Create a new table in a new database

1. Click the Microsoft Office Button , and then click New.

2. In the File Name box, type a file name for the new database.

3. To browse to a different location to save the database, click the folder icon.

4. Click Create.

The new database opens, and a new table named Table1 is created and opens in Datasheet view.

Create a new table in an existing database

1. Click the Microsoft Office Button , and then click Open.

2. In the Open dialog box, select the database that you want to open, and then click Open.

3. On the Create tab, in the Tables group, click Table.

A new table is inserted in the database and the table opens in Datasheet view.

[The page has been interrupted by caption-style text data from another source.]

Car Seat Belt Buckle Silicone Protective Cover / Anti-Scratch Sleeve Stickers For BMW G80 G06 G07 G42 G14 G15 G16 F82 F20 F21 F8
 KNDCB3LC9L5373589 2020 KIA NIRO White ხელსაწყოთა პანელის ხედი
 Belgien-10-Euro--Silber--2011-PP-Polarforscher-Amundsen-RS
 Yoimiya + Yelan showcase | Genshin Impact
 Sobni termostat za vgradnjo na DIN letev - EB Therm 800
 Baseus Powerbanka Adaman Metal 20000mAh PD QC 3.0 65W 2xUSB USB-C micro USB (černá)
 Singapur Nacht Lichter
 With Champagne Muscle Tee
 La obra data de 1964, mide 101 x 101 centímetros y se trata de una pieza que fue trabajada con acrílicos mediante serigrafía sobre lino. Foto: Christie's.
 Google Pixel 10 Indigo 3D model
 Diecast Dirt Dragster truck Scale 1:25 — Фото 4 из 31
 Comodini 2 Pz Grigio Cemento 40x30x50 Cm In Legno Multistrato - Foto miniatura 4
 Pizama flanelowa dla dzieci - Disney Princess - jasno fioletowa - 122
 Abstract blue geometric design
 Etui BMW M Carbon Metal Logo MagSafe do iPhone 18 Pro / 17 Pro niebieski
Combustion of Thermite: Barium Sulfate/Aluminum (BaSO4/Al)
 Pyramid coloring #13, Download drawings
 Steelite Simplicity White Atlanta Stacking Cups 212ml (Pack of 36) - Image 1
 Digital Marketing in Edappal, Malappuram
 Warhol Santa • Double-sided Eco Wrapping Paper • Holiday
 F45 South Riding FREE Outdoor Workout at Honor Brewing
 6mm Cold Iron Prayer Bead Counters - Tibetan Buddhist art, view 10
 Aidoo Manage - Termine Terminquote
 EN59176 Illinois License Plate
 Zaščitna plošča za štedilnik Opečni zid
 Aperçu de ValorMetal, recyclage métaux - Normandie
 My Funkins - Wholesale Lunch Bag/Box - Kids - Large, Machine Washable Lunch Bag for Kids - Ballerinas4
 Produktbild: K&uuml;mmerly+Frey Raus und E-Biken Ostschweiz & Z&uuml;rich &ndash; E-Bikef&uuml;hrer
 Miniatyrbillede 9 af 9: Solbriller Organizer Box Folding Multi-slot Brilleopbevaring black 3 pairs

Use a table template to create a table


In earlier versions of Access, you used the Table Wizard to quickly create a table from sample tables
and fields. In Office Access 2007, you use table templates and field templates instead.
A table template is an empty table that you can start using as-is, or modify to suit your needs. Office
Access 2007 comes with the following table templates, designed to be compatible with the Windows
SharePoint Services 3.0 lists of the same name:

 Contacts A table for managing business contact information, which includes e-mail addresses, Web
page URLs, and attachments, such as a service contract and a photo.
 Tasks A table for tracking tasks, which includes a field for attachments.
 Issues A table for tracking issues, which includes a field for attachments and an append-only Memo
field that keeps a history of old field values.
 Events A table for managing events, which includes a rich text Memo field and a field for attachments.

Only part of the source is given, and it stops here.